Records:
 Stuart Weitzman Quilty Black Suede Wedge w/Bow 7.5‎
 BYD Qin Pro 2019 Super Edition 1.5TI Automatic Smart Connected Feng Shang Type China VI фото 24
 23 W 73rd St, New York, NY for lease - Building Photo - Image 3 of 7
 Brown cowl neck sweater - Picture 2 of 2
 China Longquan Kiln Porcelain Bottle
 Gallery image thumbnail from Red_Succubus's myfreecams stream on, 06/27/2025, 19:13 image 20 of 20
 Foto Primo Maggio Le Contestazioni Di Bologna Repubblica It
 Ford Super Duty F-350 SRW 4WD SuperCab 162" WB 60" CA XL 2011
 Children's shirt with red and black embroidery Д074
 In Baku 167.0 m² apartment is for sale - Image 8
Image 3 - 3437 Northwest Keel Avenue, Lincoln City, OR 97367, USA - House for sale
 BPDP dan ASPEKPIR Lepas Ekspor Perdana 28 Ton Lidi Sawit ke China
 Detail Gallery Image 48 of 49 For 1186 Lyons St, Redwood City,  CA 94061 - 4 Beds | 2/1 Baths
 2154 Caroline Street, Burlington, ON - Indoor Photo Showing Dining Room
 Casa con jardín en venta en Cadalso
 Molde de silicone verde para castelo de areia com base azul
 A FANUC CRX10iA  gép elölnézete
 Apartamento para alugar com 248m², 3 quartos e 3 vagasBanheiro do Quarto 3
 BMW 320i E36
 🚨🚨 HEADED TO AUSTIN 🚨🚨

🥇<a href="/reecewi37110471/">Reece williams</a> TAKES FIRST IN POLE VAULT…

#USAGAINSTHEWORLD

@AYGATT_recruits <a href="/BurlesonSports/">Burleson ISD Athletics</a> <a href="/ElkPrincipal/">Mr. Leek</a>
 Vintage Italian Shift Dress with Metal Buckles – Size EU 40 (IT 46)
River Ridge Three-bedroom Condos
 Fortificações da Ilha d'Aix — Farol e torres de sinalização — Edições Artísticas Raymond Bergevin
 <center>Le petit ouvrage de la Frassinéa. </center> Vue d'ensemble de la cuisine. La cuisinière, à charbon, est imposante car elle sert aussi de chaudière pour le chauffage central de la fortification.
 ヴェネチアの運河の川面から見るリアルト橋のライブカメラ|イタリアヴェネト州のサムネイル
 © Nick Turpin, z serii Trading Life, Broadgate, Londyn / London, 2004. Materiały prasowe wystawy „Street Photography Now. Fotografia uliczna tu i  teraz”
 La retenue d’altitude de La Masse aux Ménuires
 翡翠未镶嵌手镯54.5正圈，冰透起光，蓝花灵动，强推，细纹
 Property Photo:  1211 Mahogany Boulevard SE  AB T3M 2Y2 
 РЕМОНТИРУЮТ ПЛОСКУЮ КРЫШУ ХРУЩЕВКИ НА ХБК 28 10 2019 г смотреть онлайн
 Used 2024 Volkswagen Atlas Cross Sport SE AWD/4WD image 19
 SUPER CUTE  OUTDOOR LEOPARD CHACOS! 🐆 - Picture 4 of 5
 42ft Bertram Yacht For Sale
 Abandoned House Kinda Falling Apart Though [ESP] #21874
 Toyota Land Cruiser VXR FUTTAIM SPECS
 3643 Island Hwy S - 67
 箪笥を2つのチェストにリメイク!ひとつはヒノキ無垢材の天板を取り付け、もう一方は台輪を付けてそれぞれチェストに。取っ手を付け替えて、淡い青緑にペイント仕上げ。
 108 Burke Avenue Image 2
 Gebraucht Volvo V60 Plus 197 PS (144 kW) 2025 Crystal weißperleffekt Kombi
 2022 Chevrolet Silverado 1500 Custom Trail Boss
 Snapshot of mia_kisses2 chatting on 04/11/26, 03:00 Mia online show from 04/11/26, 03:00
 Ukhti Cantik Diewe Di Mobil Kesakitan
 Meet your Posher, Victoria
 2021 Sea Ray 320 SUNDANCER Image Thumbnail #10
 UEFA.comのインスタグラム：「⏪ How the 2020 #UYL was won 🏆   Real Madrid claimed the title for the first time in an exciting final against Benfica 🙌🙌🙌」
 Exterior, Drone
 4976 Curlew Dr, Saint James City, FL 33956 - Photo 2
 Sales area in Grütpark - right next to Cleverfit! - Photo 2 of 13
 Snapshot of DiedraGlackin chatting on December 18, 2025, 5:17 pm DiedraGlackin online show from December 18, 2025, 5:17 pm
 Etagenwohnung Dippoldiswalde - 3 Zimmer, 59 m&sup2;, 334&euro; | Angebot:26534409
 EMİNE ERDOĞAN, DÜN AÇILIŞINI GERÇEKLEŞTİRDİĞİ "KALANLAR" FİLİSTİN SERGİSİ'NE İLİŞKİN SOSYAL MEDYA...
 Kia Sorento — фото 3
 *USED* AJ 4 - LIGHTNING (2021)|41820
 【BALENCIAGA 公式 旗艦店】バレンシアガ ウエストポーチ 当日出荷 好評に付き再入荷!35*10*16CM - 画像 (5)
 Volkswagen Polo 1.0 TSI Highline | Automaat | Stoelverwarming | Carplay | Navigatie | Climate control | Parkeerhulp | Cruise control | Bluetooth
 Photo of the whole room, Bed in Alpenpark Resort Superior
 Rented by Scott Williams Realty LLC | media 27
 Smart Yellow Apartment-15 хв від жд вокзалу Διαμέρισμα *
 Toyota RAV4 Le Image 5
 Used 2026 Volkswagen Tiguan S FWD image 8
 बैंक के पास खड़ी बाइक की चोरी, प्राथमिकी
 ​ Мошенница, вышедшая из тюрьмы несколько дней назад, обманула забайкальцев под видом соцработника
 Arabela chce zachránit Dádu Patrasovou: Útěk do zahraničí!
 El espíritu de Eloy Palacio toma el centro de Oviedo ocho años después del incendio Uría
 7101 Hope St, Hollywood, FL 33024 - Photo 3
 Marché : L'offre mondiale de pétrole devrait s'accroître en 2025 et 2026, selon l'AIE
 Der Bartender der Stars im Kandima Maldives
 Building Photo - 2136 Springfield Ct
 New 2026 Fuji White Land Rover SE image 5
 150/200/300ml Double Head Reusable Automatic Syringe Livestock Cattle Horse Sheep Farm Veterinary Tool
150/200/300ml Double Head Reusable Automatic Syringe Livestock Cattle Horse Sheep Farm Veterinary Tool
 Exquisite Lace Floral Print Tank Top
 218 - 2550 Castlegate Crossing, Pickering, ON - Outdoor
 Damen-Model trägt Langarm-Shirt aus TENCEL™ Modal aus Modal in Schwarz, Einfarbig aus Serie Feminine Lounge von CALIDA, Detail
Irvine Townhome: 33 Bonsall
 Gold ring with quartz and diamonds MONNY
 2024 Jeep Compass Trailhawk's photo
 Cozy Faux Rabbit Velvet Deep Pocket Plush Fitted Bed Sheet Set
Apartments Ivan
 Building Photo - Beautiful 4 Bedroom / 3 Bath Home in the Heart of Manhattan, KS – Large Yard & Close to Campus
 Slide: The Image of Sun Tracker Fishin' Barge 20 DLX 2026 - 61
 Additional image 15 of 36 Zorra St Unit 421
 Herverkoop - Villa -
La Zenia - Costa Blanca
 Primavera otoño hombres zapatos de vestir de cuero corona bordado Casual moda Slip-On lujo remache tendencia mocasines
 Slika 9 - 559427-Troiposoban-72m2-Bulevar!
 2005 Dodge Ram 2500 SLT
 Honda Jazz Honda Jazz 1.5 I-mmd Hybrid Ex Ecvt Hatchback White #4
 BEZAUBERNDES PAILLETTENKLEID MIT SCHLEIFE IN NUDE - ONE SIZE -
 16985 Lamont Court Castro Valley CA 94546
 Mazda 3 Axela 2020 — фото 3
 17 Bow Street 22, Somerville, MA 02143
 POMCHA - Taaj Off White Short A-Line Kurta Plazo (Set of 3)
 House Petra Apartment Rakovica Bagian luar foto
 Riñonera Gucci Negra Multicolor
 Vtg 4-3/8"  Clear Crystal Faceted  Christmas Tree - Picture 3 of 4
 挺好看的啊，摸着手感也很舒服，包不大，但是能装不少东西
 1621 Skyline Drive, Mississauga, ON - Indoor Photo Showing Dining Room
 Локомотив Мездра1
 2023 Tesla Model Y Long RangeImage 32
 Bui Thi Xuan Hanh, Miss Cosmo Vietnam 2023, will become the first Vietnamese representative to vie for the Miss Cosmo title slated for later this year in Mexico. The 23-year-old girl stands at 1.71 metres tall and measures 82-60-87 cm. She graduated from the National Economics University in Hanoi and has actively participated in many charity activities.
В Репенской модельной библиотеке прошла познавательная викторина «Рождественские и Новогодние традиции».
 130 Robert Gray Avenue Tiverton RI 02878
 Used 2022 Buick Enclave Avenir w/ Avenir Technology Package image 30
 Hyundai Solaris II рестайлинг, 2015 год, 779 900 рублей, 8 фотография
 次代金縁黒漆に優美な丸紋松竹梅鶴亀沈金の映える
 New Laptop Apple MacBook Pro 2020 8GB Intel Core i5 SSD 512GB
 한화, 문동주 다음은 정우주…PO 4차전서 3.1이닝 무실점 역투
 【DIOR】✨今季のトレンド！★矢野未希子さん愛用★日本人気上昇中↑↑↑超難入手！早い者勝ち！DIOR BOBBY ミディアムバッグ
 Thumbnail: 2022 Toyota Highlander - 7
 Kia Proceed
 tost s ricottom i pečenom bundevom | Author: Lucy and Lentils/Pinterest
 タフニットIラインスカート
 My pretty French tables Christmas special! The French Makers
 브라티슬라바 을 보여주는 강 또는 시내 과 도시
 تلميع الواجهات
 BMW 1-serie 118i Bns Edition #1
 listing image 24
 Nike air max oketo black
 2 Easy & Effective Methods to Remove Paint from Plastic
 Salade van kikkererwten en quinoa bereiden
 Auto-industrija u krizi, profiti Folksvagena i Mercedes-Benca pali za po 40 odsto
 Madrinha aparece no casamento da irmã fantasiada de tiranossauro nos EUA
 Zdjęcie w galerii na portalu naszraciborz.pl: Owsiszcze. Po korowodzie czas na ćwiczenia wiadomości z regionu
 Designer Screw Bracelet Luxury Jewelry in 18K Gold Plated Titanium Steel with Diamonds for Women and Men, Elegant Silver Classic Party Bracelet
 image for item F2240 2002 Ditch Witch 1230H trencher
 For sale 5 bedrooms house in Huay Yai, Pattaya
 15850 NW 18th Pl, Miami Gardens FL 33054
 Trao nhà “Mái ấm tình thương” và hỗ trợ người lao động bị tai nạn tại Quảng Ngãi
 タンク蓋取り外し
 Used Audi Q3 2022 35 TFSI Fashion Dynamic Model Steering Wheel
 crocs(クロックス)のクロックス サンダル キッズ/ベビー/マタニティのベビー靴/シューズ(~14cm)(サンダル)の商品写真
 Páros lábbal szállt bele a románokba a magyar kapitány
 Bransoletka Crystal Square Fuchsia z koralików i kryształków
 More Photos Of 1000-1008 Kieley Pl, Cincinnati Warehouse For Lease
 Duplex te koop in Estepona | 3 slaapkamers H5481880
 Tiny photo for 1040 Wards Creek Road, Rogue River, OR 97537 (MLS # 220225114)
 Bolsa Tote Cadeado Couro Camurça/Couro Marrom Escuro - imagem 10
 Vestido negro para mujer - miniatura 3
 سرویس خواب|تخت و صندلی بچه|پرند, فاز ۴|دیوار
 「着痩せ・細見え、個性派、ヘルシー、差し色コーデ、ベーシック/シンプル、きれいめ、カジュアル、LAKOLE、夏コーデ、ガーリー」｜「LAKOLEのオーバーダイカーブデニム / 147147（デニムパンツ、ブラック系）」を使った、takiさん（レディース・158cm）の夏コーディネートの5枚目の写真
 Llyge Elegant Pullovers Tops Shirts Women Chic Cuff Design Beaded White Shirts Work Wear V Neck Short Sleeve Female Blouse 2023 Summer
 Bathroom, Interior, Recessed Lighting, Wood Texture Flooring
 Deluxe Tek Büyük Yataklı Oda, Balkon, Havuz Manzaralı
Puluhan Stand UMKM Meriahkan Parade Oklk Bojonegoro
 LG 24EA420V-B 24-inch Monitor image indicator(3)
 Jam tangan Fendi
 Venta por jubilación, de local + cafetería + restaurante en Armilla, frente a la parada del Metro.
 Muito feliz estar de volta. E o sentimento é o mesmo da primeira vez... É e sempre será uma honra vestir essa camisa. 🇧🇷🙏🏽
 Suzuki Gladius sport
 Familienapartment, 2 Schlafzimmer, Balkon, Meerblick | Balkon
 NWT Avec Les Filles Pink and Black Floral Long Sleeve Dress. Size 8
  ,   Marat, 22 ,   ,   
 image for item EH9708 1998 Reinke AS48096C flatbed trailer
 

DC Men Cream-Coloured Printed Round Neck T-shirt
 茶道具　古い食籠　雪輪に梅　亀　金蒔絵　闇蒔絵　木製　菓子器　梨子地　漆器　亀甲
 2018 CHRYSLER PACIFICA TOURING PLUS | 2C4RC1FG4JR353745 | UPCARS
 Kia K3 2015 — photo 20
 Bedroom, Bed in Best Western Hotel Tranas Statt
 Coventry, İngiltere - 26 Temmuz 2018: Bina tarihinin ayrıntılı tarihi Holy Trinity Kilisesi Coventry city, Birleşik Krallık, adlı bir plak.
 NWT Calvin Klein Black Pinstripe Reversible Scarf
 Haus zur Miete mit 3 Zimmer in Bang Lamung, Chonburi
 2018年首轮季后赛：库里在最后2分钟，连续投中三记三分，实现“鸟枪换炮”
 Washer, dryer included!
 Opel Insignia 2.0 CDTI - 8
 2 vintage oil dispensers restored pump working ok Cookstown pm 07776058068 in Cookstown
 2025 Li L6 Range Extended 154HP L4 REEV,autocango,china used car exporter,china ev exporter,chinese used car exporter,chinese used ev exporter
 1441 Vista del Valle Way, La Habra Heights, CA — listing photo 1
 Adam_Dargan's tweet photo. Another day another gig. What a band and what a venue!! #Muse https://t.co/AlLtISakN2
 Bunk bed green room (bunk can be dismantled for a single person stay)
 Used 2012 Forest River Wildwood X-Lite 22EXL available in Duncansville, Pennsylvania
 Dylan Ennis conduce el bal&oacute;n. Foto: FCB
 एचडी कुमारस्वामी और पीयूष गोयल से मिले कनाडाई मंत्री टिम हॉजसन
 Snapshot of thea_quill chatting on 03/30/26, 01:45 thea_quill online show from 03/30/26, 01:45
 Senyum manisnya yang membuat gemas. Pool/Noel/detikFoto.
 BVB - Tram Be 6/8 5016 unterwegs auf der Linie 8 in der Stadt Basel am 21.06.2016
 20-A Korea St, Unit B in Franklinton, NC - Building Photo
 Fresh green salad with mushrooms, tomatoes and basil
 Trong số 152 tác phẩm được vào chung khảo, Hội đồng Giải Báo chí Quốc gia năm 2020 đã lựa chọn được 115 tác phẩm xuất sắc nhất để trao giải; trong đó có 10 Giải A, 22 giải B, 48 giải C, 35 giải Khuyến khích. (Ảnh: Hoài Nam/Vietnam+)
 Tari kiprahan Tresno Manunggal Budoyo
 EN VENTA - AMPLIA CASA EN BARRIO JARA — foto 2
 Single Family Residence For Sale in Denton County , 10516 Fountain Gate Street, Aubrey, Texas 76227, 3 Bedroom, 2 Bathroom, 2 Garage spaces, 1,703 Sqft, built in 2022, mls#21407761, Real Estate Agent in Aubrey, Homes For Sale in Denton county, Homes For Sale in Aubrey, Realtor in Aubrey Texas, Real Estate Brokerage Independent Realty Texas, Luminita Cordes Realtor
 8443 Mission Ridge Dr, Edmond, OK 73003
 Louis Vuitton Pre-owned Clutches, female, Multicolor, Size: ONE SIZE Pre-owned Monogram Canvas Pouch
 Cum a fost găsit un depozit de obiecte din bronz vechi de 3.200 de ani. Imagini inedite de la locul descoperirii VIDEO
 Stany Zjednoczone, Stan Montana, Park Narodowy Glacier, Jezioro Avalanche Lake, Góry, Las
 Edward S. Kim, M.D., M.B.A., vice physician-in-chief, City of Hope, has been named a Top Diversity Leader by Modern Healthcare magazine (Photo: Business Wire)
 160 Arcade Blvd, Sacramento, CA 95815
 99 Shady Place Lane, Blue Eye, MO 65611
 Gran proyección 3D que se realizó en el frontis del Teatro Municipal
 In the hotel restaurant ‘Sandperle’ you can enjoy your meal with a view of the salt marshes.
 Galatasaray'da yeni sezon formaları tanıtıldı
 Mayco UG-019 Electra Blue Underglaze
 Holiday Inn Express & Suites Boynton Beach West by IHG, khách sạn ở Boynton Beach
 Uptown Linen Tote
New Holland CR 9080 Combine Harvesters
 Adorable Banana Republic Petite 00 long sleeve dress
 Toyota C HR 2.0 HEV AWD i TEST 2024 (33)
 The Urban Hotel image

Directions for this task: Among the lines above, repeat exactly those from the line with "2 Easy & Effective" to the line with "Bransoletka Crystal Square", counting both ends.

Solved exercise:
 2 Easy & Effective Methods to Remove Paint from Plastic
 Salade van kikkererwten en quinoa bereiden
 Auto-industrija u krizi, profiti Folksvagena i Mercedes-Benca pali za po 40 odsto
 Madrinha aparece no casamento da irmã fantasiada de tiranossauro nos EUA
 Zdjęcie w galerii na portalu naszraciborz.pl: Owsiszcze. Po korowodzie czas na ćwiczenia wiadomości z regionu
 Designer Screw Bracelet Luxury Jewelry in 18K Gold Plated Titanium Steel with Diamonds for Women and Men, Elegant Silver Classic Party Bracelet
 image for item F2240 2002 Ditch Witch 1230H trencher
 For sale 5 bedrooms house in Huay Yai, Pattaya
 15850 NW 18th Pl, Miami Gardens FL 33054
 Trao nhà “Mái ấm tình thương” và hỗ trợ người lao động bị tai nạn tại Quảng Ngãi
 タンク蓋取り外し
 Used Audi Q3 2022 35 TFSI Fashion Dynamic Model Steering Wheel
 crocs(クロックス)のクロックス サンダル キッズ/ベビー/マタニティのベビー靴/シューズ(~14cm)(サンダル)の商品写真
 Páros lábbal szállt bele a románokba a magyar kapitány
 Bransoletka Crystal Square Fuchsia z koralików i kryształków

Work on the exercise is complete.